Beyond the passion I have for the act of writing itself, which seems to be eternal and infinite, this post focuses on what I’d like to do to see that writing turned into a career.
What follows is what today’s list looks like. It’s hopelessly vain and (if Hollywood is to be believed) too focused upon material success to ever truly make me happy – and will probably change with each new season of my career. But its point is to stop crazy comparisons between myself and others, and keep me focused on what I want.
It’s highly ambitious, but doesn’t shoot for the moon. This is today’s list.
1. Win an award
It doesn’t have to be the Nobel Prize for literature, but just having a panel of independent judges confirming that something I have written has managed to edge out its competition would definitely be a huge level-up in my seemingly eternal and interminable quest for validation.
2. Work in collaboration on a great TV show
One of the special features in The Shield DVD set was a look into the writers’ room for the Season Three finale. I can’t explain quite what happened to me when I watched that feature, but it clicked: that’s where I want to be. Working in collaboration with major talent, and putting together greater stories than any of us could manage on our own.
3. Sign a movie/TV deal
There are a few reasons this would be awesome. The first is the money. The second is the opportunity to see my work reimagined by someone else (and maybe even the chance to contribute and tick off item 2 in the process).
But the third, and by far the most important, is to stop people from commenting at conventions, “You should try to get this made into a movie. That’s where the money is, you know.”
4. Get a significant prose piece published
I love working in comics. There’s a tremendous energy in a piece that has synergy between words and art, and I love trying to harness that energy to tell stories. I’ve had some success in the realm of comics, and probably have more coming in the future… but I grew up writing prose, and that’s where my soul remains.

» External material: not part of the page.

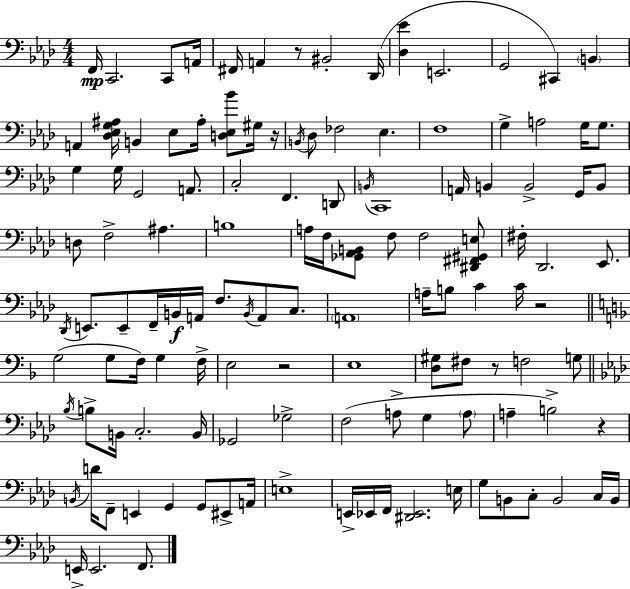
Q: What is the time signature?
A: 4/4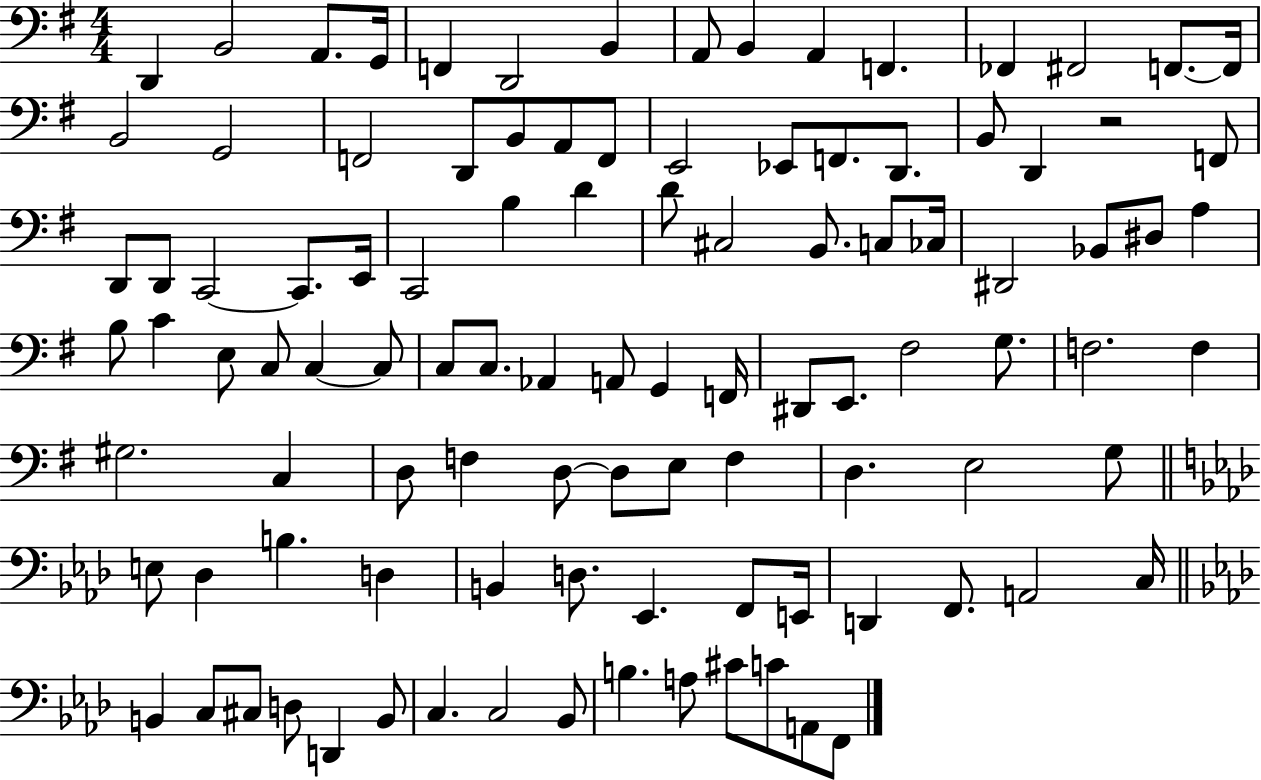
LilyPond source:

Almost every major comic project I’ve tackled began its life as a full-length novel – prose is how I do my thinking, and where I write my best stories. One day I’d like to get a prose piece published, and start a career as a novelist.
5. Connect with a big publisher
Zetabella is a great, visionary publisher. I am incredibly proud to have been signed as one of their first creators, and thrilled to have the bulk of my work under their name. But they’re a very small publisher, so exposure is not great.
I don’t have networking skills, and I don’t have the time to devote myself to full-time self-promotion. Getting signed to a big name publisher is how I’ll really get noticed. I have no idea if the experience will be a satisfying one (I suppose that depends upon individual publisher as much as anything else), but it’s a commercially sensible approach, at least to build my profile up.
I write science fiction and fantasy. It’s what I’m known for. But I really want to branch out. I want my magnum opus, when it comes, to be much more strongly grounded in reality. In today’s world. I want to stop hiding behind allegory and metaphor when telling stories, and just come right out and say something important.
In some ways, I feel like my entire writing career is an apprenticeship for this one future book, sort of like Steinbeck with East of Eden.
7. Sales of one book per day
Hooray for material success!
But seriously, at some point, I want to be able to step back a little from this self-marketing gig. It’s tiring and a little dispiriting. Once I have enough profile to be able to generate constant sales (even if those sales wouldn’t even buy me a packet of two-minute noodles per day), I’ll be able to focus more on writing, and just let the momentum sort itself out.
One book per day would be okay to start with. It’s not salary-replacement, but it’s momentum. And once you’ve got momentum, there’s always a chance of a snowball. Or even an avalanche.
Until then, you’re just rolling puffs of flaky snow by hand.